- [WHAT THE TASK REQUIRES]: Stopping at the line that holds "Ron030_ Minecraft Skin", repeat the lines below exactly, starting from the very first and including that final line.

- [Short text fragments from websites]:
◇ ◇ ◇ ◇
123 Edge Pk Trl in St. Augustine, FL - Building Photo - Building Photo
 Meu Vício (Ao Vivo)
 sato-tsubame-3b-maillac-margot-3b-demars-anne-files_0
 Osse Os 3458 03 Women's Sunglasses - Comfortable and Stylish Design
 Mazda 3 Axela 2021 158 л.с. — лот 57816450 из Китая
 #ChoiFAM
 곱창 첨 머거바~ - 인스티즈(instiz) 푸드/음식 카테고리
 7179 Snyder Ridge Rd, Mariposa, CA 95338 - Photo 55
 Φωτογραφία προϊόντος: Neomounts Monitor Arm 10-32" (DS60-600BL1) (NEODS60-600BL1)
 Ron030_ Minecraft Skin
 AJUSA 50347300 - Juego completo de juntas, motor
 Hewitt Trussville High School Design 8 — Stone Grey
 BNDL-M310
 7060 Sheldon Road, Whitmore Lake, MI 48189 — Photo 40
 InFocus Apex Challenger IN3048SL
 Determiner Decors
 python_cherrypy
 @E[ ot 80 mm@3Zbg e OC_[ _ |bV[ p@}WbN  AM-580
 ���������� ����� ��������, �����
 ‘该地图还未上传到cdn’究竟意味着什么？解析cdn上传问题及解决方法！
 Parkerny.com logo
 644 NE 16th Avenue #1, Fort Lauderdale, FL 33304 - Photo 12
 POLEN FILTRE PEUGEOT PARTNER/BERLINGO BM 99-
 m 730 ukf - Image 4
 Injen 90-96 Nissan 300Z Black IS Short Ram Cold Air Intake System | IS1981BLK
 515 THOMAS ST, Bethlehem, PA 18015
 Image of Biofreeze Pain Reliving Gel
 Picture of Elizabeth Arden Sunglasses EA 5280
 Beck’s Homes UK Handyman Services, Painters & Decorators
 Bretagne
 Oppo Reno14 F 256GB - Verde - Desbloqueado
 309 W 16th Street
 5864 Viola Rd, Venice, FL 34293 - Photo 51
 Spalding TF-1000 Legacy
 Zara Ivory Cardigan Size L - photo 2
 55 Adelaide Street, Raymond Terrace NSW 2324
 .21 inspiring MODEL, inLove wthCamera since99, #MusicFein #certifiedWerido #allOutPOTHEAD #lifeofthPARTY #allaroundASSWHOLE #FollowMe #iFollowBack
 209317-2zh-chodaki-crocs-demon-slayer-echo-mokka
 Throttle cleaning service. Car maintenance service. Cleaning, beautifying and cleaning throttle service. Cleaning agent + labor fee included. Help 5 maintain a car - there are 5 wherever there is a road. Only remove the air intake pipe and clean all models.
◇ ◇ ◇ ◇
- [SOLUTION FOR THIS EXERCISE]:
123 Edge Pk Trl in St. Augustine, FL - Building Photo - Building Photo
 Meu Vício (Ao Vivo)
 sato-tsubame-3b-maillac-margot-3b-demars-anne-files_0
 Osse Os 3458 03 Women's Sunglasses - Comfortable and Stylish Design
 Mazda 3 Axela 2021 158 л.с. — лот 57816450 из Китая
 #ChoiFAM
 곱창 첨 머거바~ - 인스티즈(instiz) 푸드/음식 카테고리
 7179 Snyder Ridge Rd, Mariposa, CA 95338 - Photo 55
 Φωτογραφία προϊόντος: Neomounts Monitor Arm 10-32" (DS60-600BL1) (NEODS60-600BL1)
 Ron030_ Minecraft Skin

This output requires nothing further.